▶ EXERCISE
Starting at the line that holds "Roberta | Elegancki" and stopping at the line that holds "Butterfly Floral &", restate the records below word for word, with both of those lines included.

ENTRIES PROVIDED Start Marker

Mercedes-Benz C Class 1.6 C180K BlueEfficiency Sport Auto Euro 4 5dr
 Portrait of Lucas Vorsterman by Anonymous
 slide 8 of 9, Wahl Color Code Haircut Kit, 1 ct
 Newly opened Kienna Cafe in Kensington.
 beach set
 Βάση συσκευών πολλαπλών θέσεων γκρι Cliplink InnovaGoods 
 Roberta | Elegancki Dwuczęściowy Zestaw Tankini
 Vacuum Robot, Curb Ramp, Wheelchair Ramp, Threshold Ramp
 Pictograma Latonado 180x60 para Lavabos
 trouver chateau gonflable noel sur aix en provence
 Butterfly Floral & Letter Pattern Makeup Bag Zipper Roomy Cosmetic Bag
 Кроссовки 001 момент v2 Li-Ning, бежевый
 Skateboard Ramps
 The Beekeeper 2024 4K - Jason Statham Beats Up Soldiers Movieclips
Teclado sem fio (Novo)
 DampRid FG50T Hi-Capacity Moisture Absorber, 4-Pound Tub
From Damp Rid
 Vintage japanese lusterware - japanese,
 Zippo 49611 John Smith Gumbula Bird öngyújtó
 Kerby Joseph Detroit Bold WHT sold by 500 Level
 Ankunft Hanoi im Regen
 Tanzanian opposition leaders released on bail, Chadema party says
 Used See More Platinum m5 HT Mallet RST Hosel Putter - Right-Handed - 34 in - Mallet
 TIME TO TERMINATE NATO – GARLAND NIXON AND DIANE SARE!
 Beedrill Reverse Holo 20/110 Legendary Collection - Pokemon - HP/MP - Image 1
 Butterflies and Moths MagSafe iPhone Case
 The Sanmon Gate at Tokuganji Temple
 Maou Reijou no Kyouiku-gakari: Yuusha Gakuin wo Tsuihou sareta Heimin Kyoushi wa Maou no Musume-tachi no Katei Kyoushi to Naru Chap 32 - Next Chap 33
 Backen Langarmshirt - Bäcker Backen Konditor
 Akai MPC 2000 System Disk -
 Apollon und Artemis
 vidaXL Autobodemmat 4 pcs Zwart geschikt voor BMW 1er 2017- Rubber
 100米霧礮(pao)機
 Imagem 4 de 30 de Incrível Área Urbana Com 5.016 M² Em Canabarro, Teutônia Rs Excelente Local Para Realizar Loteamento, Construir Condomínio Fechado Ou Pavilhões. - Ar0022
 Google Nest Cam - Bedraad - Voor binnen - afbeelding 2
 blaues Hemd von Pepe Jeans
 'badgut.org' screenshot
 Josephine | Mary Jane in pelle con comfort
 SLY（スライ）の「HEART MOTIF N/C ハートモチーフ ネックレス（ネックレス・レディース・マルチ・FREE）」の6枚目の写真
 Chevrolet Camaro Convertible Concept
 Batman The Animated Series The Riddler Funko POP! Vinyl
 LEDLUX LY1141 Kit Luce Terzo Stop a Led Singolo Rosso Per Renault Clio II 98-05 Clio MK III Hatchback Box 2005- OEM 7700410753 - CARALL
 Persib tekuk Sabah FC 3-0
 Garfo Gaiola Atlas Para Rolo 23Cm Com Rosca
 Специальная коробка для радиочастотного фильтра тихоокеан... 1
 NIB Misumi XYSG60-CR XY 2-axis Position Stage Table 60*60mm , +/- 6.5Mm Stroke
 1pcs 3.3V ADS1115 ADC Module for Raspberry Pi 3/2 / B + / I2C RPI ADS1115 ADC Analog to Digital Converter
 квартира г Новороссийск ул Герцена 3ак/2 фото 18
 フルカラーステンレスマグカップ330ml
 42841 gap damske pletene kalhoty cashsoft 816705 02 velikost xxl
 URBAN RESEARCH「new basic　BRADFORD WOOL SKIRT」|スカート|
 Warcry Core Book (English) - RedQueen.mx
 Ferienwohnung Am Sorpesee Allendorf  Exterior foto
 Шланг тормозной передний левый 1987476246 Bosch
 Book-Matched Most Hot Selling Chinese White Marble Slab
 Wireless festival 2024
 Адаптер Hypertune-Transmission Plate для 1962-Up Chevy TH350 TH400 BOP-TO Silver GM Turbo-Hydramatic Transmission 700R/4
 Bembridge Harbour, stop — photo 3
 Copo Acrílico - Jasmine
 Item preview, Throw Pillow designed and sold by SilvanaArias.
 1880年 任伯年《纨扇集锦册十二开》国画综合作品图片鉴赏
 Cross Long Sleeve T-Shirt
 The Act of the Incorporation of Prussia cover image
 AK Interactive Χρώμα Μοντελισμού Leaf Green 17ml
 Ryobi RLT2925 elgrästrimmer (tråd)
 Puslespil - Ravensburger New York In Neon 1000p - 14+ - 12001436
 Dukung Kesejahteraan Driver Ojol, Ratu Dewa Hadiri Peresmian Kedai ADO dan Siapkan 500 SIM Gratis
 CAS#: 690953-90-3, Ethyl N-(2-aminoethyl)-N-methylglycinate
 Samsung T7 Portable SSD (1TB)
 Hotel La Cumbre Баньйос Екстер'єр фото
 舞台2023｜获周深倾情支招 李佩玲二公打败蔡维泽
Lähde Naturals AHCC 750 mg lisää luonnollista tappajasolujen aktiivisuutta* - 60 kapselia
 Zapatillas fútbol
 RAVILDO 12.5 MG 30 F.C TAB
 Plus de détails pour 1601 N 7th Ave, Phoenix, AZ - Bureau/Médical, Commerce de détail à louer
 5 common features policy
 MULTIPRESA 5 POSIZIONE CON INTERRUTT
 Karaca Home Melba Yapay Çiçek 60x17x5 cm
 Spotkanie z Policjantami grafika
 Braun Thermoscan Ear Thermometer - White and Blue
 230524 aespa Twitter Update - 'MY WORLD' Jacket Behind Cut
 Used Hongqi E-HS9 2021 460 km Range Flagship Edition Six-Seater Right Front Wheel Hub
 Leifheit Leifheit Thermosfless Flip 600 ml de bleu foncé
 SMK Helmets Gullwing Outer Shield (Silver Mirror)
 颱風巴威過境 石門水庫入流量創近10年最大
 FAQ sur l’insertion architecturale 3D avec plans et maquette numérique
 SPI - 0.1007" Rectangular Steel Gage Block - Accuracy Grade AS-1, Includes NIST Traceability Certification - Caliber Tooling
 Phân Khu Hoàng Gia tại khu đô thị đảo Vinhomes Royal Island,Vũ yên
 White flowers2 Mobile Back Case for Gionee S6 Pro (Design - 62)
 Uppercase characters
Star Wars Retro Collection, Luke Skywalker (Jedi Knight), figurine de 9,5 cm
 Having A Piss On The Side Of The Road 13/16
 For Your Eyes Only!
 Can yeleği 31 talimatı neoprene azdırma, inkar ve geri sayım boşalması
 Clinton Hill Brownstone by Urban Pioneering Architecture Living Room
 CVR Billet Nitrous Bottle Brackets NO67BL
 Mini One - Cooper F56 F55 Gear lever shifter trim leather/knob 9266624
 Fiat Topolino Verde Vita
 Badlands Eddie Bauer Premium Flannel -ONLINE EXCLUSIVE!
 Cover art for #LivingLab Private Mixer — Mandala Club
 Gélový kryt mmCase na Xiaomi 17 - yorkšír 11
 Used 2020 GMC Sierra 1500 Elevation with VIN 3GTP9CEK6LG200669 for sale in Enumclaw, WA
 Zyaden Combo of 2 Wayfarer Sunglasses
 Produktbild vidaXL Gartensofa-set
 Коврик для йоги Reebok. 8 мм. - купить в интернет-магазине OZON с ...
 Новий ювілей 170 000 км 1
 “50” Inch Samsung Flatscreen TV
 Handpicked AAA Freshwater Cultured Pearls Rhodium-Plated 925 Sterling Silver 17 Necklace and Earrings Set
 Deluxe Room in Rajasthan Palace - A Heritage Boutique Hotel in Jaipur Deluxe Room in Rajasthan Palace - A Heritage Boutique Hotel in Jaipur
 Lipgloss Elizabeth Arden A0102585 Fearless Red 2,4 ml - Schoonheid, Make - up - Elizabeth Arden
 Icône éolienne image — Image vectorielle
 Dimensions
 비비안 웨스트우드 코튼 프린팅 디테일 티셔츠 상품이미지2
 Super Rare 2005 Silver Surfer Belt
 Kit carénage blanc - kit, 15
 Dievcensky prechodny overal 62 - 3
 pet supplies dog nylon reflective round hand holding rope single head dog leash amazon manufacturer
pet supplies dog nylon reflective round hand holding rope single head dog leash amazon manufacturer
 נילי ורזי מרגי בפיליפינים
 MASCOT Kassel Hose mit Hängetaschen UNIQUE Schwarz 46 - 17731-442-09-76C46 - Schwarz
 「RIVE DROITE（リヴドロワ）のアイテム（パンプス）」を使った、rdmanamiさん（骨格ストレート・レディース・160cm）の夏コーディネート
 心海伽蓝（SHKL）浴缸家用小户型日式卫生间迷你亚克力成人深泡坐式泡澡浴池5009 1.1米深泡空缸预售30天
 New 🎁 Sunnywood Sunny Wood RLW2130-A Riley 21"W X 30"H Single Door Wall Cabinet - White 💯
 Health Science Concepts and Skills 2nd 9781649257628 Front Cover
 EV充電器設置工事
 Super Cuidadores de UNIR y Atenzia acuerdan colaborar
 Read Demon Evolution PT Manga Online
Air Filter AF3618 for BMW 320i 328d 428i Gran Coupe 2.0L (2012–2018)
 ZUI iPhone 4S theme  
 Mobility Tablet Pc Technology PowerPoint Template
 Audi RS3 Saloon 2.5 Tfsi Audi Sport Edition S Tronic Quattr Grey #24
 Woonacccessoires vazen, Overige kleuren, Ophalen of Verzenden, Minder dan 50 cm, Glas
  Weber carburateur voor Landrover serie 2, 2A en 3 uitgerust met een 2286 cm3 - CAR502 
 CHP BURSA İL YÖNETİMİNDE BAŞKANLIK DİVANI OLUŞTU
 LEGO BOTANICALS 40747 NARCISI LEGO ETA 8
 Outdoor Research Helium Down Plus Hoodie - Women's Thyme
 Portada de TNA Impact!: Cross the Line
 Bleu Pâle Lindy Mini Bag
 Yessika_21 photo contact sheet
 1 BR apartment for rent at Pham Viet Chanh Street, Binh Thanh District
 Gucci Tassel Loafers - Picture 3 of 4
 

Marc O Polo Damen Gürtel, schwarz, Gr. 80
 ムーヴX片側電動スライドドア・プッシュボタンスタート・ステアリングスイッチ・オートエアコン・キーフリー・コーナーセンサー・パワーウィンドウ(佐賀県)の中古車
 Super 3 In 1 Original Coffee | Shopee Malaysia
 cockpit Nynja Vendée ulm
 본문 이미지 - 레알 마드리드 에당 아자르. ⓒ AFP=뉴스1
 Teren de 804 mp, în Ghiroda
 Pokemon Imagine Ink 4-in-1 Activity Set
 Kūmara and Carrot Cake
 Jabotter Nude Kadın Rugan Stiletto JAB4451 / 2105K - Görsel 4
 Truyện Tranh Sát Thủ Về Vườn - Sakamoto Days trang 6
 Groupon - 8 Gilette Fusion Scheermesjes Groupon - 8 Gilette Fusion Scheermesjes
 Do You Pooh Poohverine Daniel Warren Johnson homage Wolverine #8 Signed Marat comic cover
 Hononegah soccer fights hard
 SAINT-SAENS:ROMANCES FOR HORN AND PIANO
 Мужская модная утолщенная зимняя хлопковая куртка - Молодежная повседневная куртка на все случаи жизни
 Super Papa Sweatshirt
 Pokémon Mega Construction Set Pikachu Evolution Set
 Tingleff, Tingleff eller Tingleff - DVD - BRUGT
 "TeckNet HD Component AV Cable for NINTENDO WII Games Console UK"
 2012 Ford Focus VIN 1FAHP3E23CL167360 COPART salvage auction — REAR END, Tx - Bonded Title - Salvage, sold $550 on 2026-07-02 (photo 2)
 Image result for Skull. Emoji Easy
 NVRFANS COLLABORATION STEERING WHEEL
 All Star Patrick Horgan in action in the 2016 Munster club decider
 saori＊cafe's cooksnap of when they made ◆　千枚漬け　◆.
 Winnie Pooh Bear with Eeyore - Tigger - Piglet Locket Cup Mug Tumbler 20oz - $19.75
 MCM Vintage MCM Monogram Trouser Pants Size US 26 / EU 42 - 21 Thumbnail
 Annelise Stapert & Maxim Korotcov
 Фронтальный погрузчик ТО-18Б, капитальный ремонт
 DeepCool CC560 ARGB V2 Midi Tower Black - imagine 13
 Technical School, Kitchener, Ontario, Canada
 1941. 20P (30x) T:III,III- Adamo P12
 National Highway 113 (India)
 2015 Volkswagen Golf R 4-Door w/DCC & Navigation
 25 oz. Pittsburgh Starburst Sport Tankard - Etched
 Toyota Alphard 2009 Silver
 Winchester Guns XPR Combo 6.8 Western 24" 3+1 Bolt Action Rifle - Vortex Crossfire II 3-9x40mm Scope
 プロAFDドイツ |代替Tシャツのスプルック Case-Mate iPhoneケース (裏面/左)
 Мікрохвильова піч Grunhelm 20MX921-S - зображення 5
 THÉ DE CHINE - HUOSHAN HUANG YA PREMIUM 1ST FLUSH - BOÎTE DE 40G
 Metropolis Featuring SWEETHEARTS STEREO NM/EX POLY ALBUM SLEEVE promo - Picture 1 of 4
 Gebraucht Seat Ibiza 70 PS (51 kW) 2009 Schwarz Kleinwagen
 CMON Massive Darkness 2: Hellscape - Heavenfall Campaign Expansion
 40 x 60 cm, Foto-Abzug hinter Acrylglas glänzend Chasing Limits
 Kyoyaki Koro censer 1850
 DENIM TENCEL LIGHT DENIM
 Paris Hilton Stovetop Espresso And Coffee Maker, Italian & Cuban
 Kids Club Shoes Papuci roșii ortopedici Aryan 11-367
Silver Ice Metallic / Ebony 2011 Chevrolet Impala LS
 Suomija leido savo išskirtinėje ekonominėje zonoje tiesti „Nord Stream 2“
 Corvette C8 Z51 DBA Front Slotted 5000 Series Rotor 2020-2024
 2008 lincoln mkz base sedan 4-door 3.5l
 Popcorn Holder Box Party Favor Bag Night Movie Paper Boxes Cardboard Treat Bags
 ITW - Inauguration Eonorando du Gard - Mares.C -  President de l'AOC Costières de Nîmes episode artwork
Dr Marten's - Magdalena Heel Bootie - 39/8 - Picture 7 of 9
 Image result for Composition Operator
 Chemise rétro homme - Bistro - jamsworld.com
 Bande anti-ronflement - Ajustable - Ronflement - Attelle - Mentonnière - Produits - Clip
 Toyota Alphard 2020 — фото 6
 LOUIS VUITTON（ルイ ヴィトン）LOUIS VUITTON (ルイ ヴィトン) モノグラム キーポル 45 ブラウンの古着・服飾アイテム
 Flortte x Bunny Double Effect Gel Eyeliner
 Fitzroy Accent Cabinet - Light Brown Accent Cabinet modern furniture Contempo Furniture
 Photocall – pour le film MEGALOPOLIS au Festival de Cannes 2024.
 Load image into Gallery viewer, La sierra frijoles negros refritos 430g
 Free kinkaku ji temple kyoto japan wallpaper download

ENTRIES PROVIDED End Marker

▶ TASK ANSWER
 Roberta | Elegancki Dwuczęściowy Zestaw Tankini
 Vacuum Robot, Curb Ramp, Wheelchair Ramp, Threshold Ramp
 Pictograma Latonado 180x60 para Lavabos
 trouver chateau gonflable noel sur aix en provence
 Butterfly Floral & Letter Pattern Makeup Bag Zipper Roomy Cosmetic Bag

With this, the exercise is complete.